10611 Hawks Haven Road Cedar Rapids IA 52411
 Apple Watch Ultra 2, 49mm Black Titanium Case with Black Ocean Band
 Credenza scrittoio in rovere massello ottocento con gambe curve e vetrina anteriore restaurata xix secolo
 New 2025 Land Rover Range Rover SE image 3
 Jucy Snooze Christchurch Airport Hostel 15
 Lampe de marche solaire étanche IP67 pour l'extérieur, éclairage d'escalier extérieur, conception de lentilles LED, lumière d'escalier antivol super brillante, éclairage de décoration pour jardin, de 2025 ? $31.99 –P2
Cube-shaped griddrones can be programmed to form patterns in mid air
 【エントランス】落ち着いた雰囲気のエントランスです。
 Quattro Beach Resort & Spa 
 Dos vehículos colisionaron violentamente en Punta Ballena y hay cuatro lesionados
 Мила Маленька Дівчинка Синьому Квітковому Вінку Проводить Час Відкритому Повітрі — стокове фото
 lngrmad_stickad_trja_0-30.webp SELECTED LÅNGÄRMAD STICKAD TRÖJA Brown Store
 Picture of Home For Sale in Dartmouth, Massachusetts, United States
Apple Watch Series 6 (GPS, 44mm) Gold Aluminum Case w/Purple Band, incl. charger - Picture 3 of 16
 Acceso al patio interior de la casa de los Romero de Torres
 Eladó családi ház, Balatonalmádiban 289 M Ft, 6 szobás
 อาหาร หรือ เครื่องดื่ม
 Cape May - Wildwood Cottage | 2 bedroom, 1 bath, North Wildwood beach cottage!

- **TASK ITEM**:
Reproduce exactly the line containing "Eladó családi ház, Balatonalmádiban" and all lines after it through the end of the listing above; leave out every earlier line.

- **EXERCISE SOLUTION**:
 Eladó családi ház, Balatonalmádiban 289 M Ft, 6 szobás
 อาหาร หรือ เครื่องดื่ม
 Cape May - Wildwood Cottage | 2 bedroom, 1 bath, North Wildwood beach cottage!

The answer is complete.